Les faits pertinents au litige sont établis per preuve documentaire et ne sont pas contestés. Je les résume.

Israël Meunier était l’époux commun en biens de feu Amanda St-Pierre. Ils avaient deux enfants, un fils, Rodolphe, et une fille, Yvonne, épouse de Horace Lefrançois. Le 20 juillet 1939, dame Amanda St-Pierre fit son testament, dont les clauses qui suivent ont été soulevées particulièrement au cours du débat.

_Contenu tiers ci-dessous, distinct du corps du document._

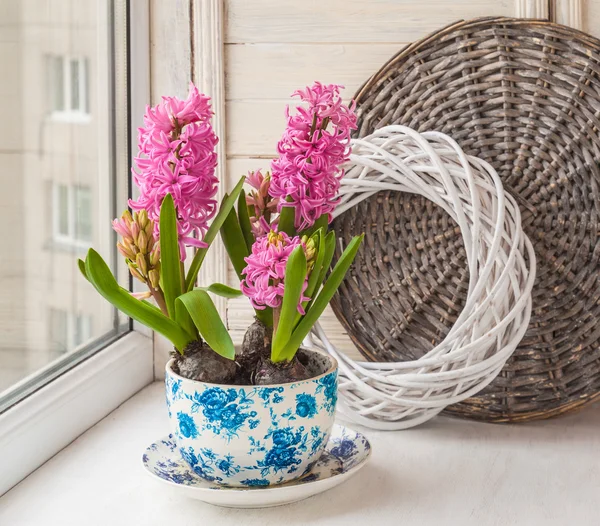 Beautiful pink hyacinths — Stock Photo, Image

“J’institue Israel Meunier dit Lagacé, mon époux bien-aimé, mon légataire universel, à qui je donne et lègue tous mes biens, meubles et immeubles, y compris le produit des polices d’assurances que je laisserai à mon décès, voulant que tout bénéficiaire d’assurance déjà désigné soit révoqué, par les présentes, de manière à ce que mon époux reçoive le produit de telles assurances.

Mon dit légataire universel aura la propriété entière de tous les biens que je lui lègue par les présentes, avec le pouvoir de les vendre, les échanger hypothéquer, ou autrement, les aliéner, malgré les réserves qui suivent :

Si mon légataire universel n’a pas disposé entre vifs, soit à titre gratuit, ou à titre onéreux des biens que je lui lègue, ou s’il ne les a pas recueillis, je veux que ce qui lui restera de ce que je lui lègue (car il n’est pas tenu de conserver lesdits biens) appartienne:

1. Pour une moitié indivise à mon fils Rodolphe Meunier dit Lagacé, pour par lui en jouir et disposer en absolue propriété à compter de l’instant du décès de mon dit époux Israel Meunier dit Lagacé, et au cas de prédécès du dit Rodolphe Meunier dit Lagacé, à ses enfants, au premier degré, par représentation et avec représentation cependant en faveur de leurs enfants. Cependant si mon fils me prédécède laissant des enfants ou petits enfants mineurs, les biens ainsi légués seront confiés pour fins d’administration et de dispositions aux exécuteurs ci-après nommés auxquels j’adjoins l’épouse actuelle du dit Rodolphe Meunier. . . .

2. Pour l’autre moitié indivise en usufruit à ma fille Yvonne Meunier dit Lagacé, épouse de Sieur Horace Lefrangois, sa vie durant, pour la nue-propriété des dits biens, c’est-à-dire cette moitié indivise, appartenir aux enfants nés et à naître de ma fille Yvonne Meunier dit Lagacé, .. . .

Pour qu’aucun doute n’existe sur mes réelles intentions, je veux et entends que mon dit époux dispose de mes biens, comme il l’entendra, ne devant compte à personne.”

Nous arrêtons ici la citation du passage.